The seam itself should exhibit the highest shear strength to reduce slipping between the panels; it is thus important to provide the strongest joint seal possible, with the lowest degree of manufacturing complexity and the highest level of safety for the builder as well. In the past, the female portion of each panel was produced with an extra hook that permitted an extra joint to be created over the outer edge of the male portion of the adjacent panel. Such a hook thus provided a more robust seal to be attained at the seam after suitable pressure was applied over the entire panel. It has been measured that a seam including such a hook portion can increase the strength of the seam by at least 50% over a non-hook design at a five foot purlin spacing; at a 2½ foot purlin spacing, the increase is even more dramatic, about 75%. Thus, the inclusion of such a hook within the female portion of a panel to be seamed to a male portion of an adjacent panel provides excellent shear strength properties, according even greater reliability as a leak-proof and wind-proof roof assembly. Unfortunately, the typical hook design (wherein the panels are provided with such a hook on the edge of a female portion prior to transport to a building site and placement on a target edifice) has created some noticeable problems that have yet to be overcome.
Such roof assemblies require intensive manpower to first lift and place the panels as needed, and further to initialize the sealing procedure. At a roof height of at least 12 feet, it is imperative for safety purposes to facilitate such roof assembly procedures through simplifying the procedure and best ensuring that cumbersome lifting movements are reduced. With previously produced panels including hook designs within the female portions thereof, instead of a simple placement of the target panels over one another and subsequently seaming such, it has been necessary to actually lift each panel in succession and make sure the hooked female portions actually engage the smaller male portions prior to seaming through a roll-lock procedure. In such a manner, safety precautions must be undertaken to permit such labor intensive actions. The panels themselves are generally quite heavy and mere placement aids in reducing the strain and possible safety compromises that are readily present when the typical pre-hooked panels are utilized. As such, there exists a definite need to provide a simpler, yet just as reliable, manner of seaming standing roof assembly panels.

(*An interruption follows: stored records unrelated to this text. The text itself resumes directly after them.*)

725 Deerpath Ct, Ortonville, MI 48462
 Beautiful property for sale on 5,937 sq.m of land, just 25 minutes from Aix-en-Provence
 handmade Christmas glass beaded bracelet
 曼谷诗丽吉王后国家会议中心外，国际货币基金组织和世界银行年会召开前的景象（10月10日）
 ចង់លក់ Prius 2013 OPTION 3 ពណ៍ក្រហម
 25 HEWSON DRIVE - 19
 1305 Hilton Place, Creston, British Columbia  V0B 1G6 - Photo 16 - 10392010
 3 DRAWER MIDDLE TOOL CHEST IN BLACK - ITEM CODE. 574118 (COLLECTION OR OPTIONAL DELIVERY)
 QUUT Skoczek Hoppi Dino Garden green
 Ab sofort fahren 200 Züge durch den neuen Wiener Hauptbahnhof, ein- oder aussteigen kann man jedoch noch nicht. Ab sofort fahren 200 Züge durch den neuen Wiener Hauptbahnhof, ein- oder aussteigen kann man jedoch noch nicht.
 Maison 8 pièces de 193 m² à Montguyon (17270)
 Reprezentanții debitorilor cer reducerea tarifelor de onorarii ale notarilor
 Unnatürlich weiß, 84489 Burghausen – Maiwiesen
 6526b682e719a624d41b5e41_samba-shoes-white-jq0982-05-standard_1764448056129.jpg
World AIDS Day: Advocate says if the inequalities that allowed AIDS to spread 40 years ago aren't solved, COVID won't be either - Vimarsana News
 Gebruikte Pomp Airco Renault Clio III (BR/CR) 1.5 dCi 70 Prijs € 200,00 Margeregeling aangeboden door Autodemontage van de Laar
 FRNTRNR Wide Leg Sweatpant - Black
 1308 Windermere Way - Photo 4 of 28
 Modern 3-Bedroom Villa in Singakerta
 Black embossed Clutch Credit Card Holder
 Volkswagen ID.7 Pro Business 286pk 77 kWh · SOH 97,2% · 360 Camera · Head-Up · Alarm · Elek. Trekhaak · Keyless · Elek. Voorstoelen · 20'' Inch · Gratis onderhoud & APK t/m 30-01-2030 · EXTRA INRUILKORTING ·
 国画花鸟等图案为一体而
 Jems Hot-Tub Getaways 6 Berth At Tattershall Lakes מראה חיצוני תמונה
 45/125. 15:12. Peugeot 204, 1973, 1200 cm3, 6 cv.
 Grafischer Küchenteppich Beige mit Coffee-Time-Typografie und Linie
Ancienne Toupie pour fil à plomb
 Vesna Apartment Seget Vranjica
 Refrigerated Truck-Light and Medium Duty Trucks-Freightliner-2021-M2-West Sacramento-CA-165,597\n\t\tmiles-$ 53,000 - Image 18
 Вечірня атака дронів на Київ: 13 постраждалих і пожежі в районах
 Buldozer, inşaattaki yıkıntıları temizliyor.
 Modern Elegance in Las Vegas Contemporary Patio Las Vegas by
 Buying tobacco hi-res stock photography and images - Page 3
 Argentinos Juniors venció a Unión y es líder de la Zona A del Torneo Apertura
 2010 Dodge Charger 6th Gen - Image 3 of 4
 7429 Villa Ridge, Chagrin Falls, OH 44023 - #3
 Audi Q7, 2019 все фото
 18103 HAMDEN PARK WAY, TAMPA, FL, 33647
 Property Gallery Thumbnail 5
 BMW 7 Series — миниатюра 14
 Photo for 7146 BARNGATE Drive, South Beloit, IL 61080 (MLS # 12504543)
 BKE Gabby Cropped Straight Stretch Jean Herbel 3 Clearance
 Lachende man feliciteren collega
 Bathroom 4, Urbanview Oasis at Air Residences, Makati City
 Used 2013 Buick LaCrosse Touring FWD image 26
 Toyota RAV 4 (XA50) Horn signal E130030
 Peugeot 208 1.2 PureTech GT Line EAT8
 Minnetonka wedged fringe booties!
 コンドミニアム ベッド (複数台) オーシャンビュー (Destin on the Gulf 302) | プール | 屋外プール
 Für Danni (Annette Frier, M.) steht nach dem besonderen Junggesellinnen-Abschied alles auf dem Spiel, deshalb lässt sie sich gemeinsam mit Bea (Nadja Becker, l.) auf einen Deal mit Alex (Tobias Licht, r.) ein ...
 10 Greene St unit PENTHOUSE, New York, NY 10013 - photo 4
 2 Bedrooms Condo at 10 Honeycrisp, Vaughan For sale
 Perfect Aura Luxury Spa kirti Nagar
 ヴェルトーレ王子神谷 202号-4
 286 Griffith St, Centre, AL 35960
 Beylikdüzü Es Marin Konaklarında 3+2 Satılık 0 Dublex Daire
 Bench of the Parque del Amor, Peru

A need has thus long been recognized for providing such high strength roof assemblies but without the potential dangerous and labor intensive lifting of panels due to the pre-hooked designs used therein. Such pre-hooked panels are generally produced at a panel production plant, rather than on-site at the building location. However, even were such panels produced on-site, the same issues with lifting rather than placing of the panels would be an issue. A manner of actually creating a hook to be integrated within a panel after placing in the target roof location is thus a desired outcome. To date, unfortunately, such a result has not been accorded the metal roofing industry.

ADVANTAGES AND SUMMARY OF THE INVENTION

One distinct advantage of the inventive apparatus and method is to provide extremely strong seals at the female/male portion interface of an elevated seam roof assembly. Another advantage is the provision of a much safer procedure for such roof assembly seaming while providing high strength seals. Yet another advantage is the capability of reducing complexity in manufacture, transport, storage, engagement, and ultimate seaming of roof panels through utilization of the apparatus and method of this invention.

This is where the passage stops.